# Comparing R2 between different datasets!

### "Calculating R-squared on the testing data is a little tricky, as you have to remember what your baseline is. Your baseline projection is a mean of your training data." - https://stackoverflow.com/questions/25691127/r-squared-on-test-data

### "Second, let us see what using R2 for model choice/evaluation means. Suppose we choose from a set of predictions Y¯M that were generated using a model M:M∈, where  is the collection of models under consideration (in your example, this collection would contain Neural networks, random forests, elastic nets, ...).

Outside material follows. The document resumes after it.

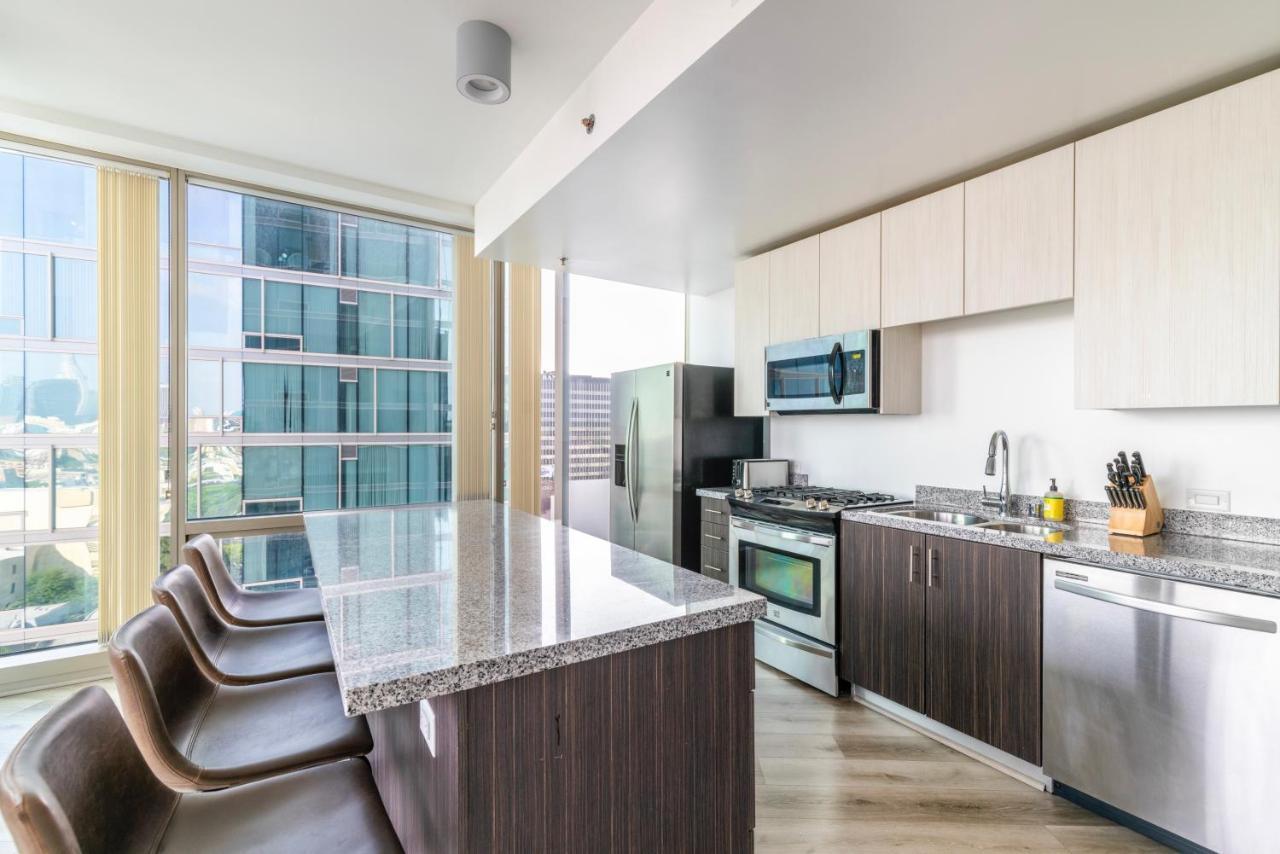 2br Luxury Highrise Hollywood Los Angeles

Since SST will remain constant amongst all the models, if minimizing R2 you will choose exactly the model that minimizes SSR. In other words, you will choose M∈M that produces the minimal square error loss!" - https://stats.stackexchange.com/questions/83948/is-r-squared-value-appropriate-for-comparing-models

$$SSE\_residuals = \sum_{i=0}^{m}(y_i - \hat{y_i}) ^{2}$$

$$SSE\_total = \sum_{i=0}^{m}(y_i - \bar{y_i}) ^{2}$$

$$R^2 = 1 - \frac{SSE\_residuals}{SSE\_total}$$

$R^2$ will be high when either:
* $SSE\_residuals$ is low --> Value close to 0 the ratio goes to 0
* $SSE\_total$ is high --> High value brings the ratio to 0

$SSE\_residuals$ are dependent on model, but the baseline / normalisation factor should be the same if we want to compare multiple runs. How are them in our dataset?

In [18]:

SSE_residuals_train = np.sum((y_train - y_pred_train)**2)
SSE_total_train = np.sum((y_train - np.mean(y_train))**2)
r_2_train = 1 - (SSE_residuals_train)/SSE_total_train

SSE_residuals_validation = np.sum((y_val - y_pred_val)**2)
SSE_total_validation = np.sum((y_val - np.mean(y_val))**2)
r_2_val = 1 - (SSE_residuals_validation)/SSE_total_validation


print('--- TRAIN')
print('SSE_residuals_train ' + str(SSE_residuals_train))
print('SSE_total_train ' + str(SSE_total_train))
print('R2 train ' + str(r_2_train))
print('\n--- validation')
print('SSE_residuals_validation ' + str(SSE_residuals_validation))
print('SSE_total_validation ' + str(SSE_total_validation))
print('R2 val ' + str(r_2_val))

print('\nRatio between SSE_residuals_train and SSE_residuals_validation ' + str(SSE_residuals_train/SSE_residuals_validation))
print('Ratio between SSE_total_train and SSE_total_validation ' + str(SSE_total_train/SSE_total_validation))

--- TRAIN
SSE_residuals_train 11926839144.44499
SSE_total_train 81514569108.86674
R2 train 0.8536845710548245

--- validation
SSE_residuals_validation 12026156003.659708
SSE_total_validation 40894736795.43265
R2 val 0.7059241128309974

Ratio between SSE_residuals_train and SSE_residuals_validation 0.9917415956366694
Ratio between SSE_total_train and SSE_total_validation 1.9932777539717714


As SSE_total_train was almost **double** of the SSE_total_validation the performance of the model in the validation set (SSE_residuals_validation) would have to be **double** (to be double as good in terms of SSE is reducing the SSE in half) in order for them to have the same value. Lets check

In [20]:
SSE_residuals_validation_SUPER = np.sum((y_val - y_pred_val)**2) / 2 # dividing the error in half!
r_2_val_SUPER = 1 - (SSE_residuals_validation_SUPER)/SSE_total_validation

print('SSE_residuals_train ' + str(SSE_residuals_train))
print('SSE_residuals_validation_SUPER ' + str(SSE_residuals_validation_SUPER))
print('\nRatio between SSE_residuals_train and SSE_residuals_validation_SUPER ' + str(SSE_residuals_train/SSE_residuals_validation_SUPER))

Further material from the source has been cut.